In 1961, Disney was in negotiations for the film rights to Mary Poppins (1964) with P. L. Travers; a film adaptation of Bedknobs and Broomsticks was suggested as an alternative project in case the rights were refused. During the meantime, Disney instructed Robert and Richard Sherman to begin development on the project. Sometime later, the Sherman Brothers held a story conference with producer Bill Walsh and screenwriter Don DaGradi, in which the Shermans sang the song "Eglantine". During the conference, Disney fell asleep in his chair, a moment DaGradi later immortalized in a sketch. Richard Sherman explained, "[Disney] might have been tired that day..." When Disney purchased the rights to Mary Poppins, the project was shelved.

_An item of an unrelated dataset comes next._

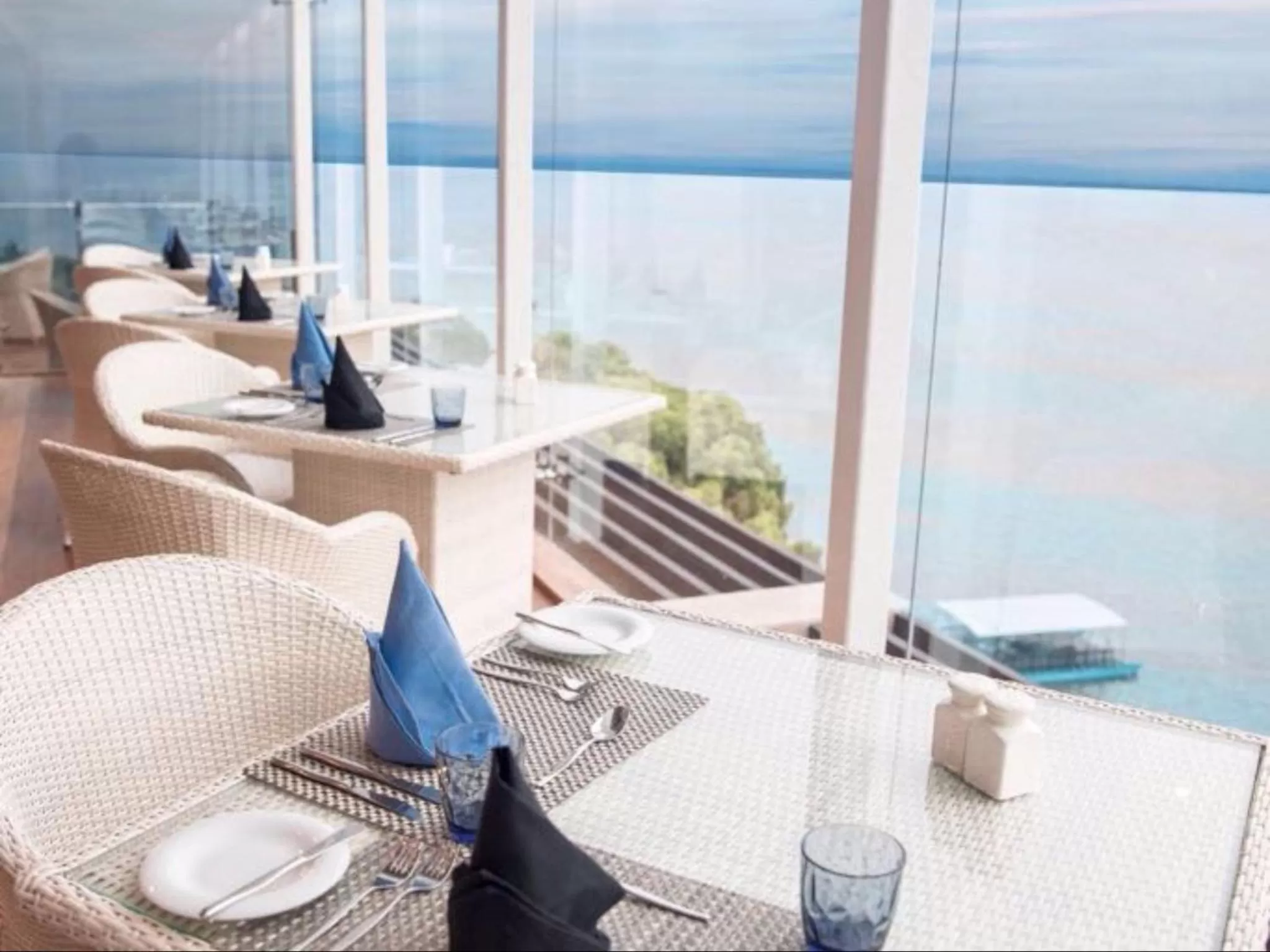 Restaurant/places to eat in Amagi Aria Airport Transit Hotel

In April 1966, the project re-titled as The Magic Bedpost was placed back into development, with the Sherman Brothers and Irwin Kostal set to resume their musical collaboration. However, the project was shelved again due to the similarities with Mary Poppins (1964). By 1968, the Sherman Brothers' contract with the Disney studios was set to expire. Nevertheless, Walsh called the Shermans into his office telling them to proceed with their work on the film. For several months, the Shermans, Walsh, and DaGradi re-assembled to revise the storyline. Although there was no plan to place the film back into production at the time, Walsh promised the Shermans that he would call them back to the studio to finish the project. He eventually did in November 1969. Throughout 1970 and 1971, the Shermans again reworked their musical compositions for the film. For instance, the song "The Beautiful Briny" was originally written for Mary Poppins (1964) for a scene when Mary spins a compass sending the Banks children to several exotic locations. The Shermans revised the song for Bedknobs and Broomsticks.

Casting
Leslie Caron, Lynn Redgrave, Judy Carne, and Julie Andrews were all considered for the role of Eglantine Price. Andrews was initially offered the part, but hesitated. Walsh later contacted Angela Lansbury, who signed onto the role on October 31, 1969, Halloween. Shortly after, Andrews reconsidered as she felt she owed it to Disney and contacted Walsh again to tell him she would take the role, but learned Lansbury had been cast. Although Peter Ustinov was considered, Ron Moody was originally slated as Emelius Brown, but he refused to star in the film unless he received top billing which the studio would not allow. He was ultimately replaced with David Tomlinson.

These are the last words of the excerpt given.